-------- The data --------

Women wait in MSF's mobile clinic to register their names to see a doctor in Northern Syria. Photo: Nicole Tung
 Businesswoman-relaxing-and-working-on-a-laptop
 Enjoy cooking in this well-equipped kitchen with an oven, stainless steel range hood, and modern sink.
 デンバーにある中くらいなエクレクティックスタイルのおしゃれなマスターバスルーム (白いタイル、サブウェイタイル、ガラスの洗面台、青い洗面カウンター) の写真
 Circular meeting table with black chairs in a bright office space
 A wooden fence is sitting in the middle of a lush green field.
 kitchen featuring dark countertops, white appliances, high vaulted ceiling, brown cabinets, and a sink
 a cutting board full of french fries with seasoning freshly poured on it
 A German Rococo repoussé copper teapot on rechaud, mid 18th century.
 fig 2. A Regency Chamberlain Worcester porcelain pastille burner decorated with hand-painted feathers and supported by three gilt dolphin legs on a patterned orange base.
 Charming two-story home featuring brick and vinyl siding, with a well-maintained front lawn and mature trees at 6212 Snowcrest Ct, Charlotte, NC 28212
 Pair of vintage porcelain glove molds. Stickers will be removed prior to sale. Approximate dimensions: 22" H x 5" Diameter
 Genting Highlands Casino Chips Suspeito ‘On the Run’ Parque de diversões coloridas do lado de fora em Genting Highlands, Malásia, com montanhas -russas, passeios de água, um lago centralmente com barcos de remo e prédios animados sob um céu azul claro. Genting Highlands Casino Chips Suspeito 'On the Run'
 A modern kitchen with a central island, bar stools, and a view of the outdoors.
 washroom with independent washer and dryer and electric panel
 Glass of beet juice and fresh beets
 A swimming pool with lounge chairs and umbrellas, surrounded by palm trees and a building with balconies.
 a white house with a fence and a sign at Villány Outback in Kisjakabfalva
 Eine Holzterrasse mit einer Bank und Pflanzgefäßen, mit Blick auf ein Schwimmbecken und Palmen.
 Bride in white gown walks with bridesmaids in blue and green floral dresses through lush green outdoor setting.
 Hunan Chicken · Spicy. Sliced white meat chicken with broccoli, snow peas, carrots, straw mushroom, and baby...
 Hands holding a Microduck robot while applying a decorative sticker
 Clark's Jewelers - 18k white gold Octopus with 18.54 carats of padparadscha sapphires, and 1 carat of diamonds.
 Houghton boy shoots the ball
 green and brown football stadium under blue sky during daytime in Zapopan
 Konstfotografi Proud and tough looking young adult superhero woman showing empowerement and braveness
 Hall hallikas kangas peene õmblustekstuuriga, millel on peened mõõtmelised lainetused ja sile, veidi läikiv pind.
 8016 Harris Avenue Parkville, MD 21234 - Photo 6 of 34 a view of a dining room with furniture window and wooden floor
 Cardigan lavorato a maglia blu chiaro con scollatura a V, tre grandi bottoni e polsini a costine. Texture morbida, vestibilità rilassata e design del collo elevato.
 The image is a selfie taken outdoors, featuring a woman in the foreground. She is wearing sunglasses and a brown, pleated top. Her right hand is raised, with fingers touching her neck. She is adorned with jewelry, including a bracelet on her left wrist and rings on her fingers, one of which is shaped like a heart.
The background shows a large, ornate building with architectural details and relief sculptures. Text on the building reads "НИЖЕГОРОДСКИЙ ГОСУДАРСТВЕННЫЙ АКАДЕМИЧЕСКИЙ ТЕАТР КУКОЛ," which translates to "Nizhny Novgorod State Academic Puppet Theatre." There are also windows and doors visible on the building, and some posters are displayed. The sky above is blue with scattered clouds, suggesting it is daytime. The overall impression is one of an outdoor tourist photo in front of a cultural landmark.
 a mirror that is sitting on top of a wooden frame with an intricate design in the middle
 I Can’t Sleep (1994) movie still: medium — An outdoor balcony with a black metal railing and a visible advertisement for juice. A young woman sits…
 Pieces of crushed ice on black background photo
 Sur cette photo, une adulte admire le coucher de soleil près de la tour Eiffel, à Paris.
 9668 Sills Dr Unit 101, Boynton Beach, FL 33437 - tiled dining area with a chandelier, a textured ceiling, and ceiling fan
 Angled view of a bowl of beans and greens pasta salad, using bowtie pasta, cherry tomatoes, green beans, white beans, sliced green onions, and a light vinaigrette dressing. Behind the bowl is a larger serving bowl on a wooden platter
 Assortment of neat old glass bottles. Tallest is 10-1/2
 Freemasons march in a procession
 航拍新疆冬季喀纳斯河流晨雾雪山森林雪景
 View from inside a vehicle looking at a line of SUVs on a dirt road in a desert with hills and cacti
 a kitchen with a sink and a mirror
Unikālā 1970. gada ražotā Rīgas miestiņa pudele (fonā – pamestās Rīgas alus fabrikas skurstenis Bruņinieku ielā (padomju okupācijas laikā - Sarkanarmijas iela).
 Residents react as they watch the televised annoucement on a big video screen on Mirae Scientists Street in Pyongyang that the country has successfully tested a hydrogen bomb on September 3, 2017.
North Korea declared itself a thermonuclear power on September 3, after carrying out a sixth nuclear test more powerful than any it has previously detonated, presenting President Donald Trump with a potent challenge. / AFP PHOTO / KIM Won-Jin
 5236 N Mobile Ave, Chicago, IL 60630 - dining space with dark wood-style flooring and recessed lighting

--------

▸ **Assignment**
Only the lines above from the one with "a white house" through the one with "The image is" should be duplicated, character for character.

▸ **Answer space**
 a white house with a fence and a sign at Villány Outback in Kisjakabfalva
 Eine Holzterrasse mit einer Bank und Pflanzgefäßen, mit Blick auf ein Schwimmbecken und Palmen.
 Bride in white gown walks with bridesmaids in blue and green floral dresses through lush green outdoor setting.
 Hunan Chicken · Spicy. Sliced white meat chicken with broccoli, snow peas, carrots, straw mushroom, and baby...
 Hands holding a Microduck robot while applying a decorative sticker
 Clark's Jewelers - 18k white gold Octopus with 18.54 carats of padparadscha sapphires, and 1 carat of diamonds.
 Houghton boy shoots the ball
 green and brown football stadium under blue sky during daytime in Zapopan
 Konstfotografi Proud and tough looking young adult superhero woman showing empowerement and braveness
 Hall hallikas kangas peene õmblustekstuuriga, millel on peened mõõtmelised lainetused ja sile, veidi läikiv pind.
 8016 Harris Avenue Parkville, MD 21234 - Photo 6 of 34 a view of a dining room with furniture window and wooden floor
 Cardigan lavorato a maglia blu chiaro con scollatura a V, tre grandi bottoni e polsini a costine. Texture morbida, vestibilità rilassata e design del collo elevato.
 The image is a selfie taken outdoors, featuring a woman in the foreground. She is wearing sunglasses and a brown, pleated top. Her right hand is raised, with fingers touching her neck. She is adorned with jewelry, including a bracelet on her left wrist and rings on her fingers, one of which is shaped like a heart.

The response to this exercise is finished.